Duruş

  • Hüseyin Odabaşı
  • Hüseyin Odabaşı
    22 Eyl 2024 23:14


    Hayatta ne yaptığımız önemlidir fakat, nerede durduğumuz ne yaptığımızdan daha önemlidir. Zalimlerin yanından, ortamında, safında durup Kur'an-ı Kerim okumaktansa, mazlumlar veya salih insanlarla beraber olup roman okuman daha iyidir.

    Kuran sayfalarının mızraklar eşliğinde havaya kaldıran şaşkınların safında olmaktan ise Hz. Ali’nin ordusunun içinde yatıp uzanmak daha iyidir.

    Yanlış bir hedefe doğru ilerleyen transatlantikle seyahat yapmaktansa sahil-i selamete doğru yol alan bir gemide minder olmak daha hayırlıdır. Şeyhi Abdulhakim Arvasi Hazretlerine; “Ben de kurtulur muyum Üstadım” sorusuna “Sahil-i selamete doğru yol almakta olan bir gemide olmaya bak Necip” der. Uçurumdan baş aşağı felakete giden bir geminin içinde mücevherat yığını olmaktansa sahil-i selamete doğru giden bir geminin içinde paspas olmak daha iyidir. Biri kurtulur diğeri paramparça olur.

    Duruşun hakkını da elbette ki vermek gerekir. Fakat duruşun hakkını vermek duruşumuzu ayarlamaktan sonra gelir.  “Allah’ım senin davanın hakkını veremesek de alnımız senden başkasına secde etmedi” diyebiliyorsak doğru yerde duruyoruz demektir.

    Duruş pireyi deve; deveyi de pire yapar. Zülüm üreten bir mekanizma içinde dağlar cesametindeki sevaplarımız erir de erir. Pire olarak gördüğümüz yanlışlar ise dağlar gibi büyür de büyür. İnsan sadece kendi sevap ve günahlarıyla servet ve sıklet sahibi olmaz. “Essebebu kel fail” sırrı ile kimlerle beraber olduğumuza göre bu durum ya bizi abat ya da sonumuzu berbat eder. Senin okuduğun Kuran, zalimlerin işini kolaylaştırıyor ve mazlumların sesini kesiyorsa sus daha iyi, okuma daha iyi.

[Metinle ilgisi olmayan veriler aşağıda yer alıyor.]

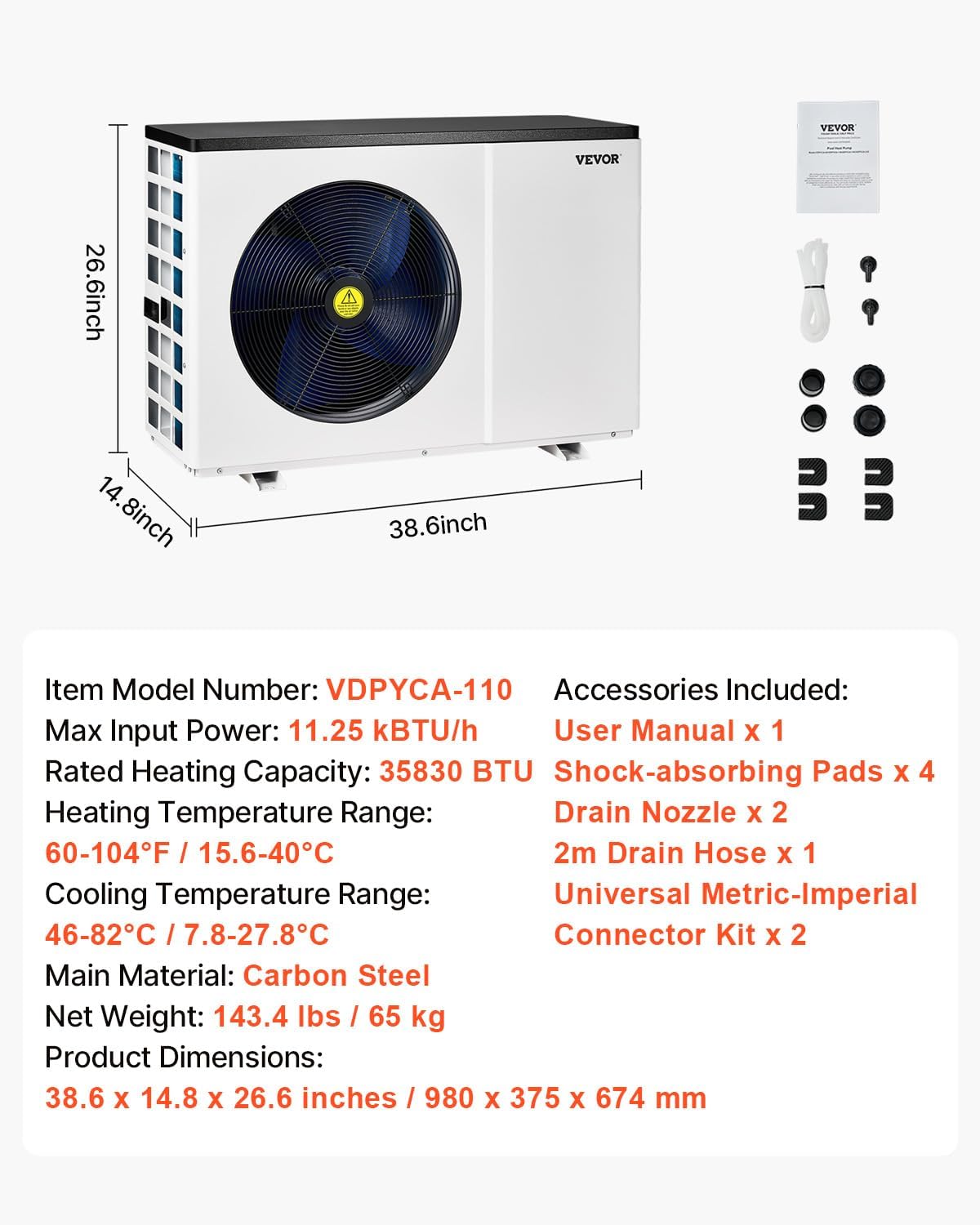 VEVOR Electric Pool Heat Pump, 35,830 BTU, Fits 6,605-13,209 Gallon Above & In-Ground Pools, Low Noise Heating & Cooling, Energy-Saving Water Heater AC208-230V 60Hz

    Duruşunu ayarlayamayanların okuduğu Kuran gırtlakların aşağıya inmez. Vela yeziduzzalimine illa hasara- Biz Kur’an’dan öyle bir şey indiriyoruz ki, o müminler için bir şifa, bir rahmettir; zalimlerin ise sadece ziyanını arttırır.” (Bakara, 82) Bundan dolayıdır ki en çok namaz kılan ve en çok Kuran okuyan Haricilerle Hz. Ali Efendimiz savaş etmek zorunda kaldı.

     

    Terazin bu günahı çekemez ve kırılır

    Evet okuduğun Kuran’ın sevabı bir kefeye, Kuran okuyarak destek verdiğin zalimlerin bütün günahları da terazinin öbür kefesine konur. Minnacık sevapların yanına zalimlerin dağlarvari günahları oturunca kaybeden sen olursun. Terazin bu günahı çekemez ve kırılır.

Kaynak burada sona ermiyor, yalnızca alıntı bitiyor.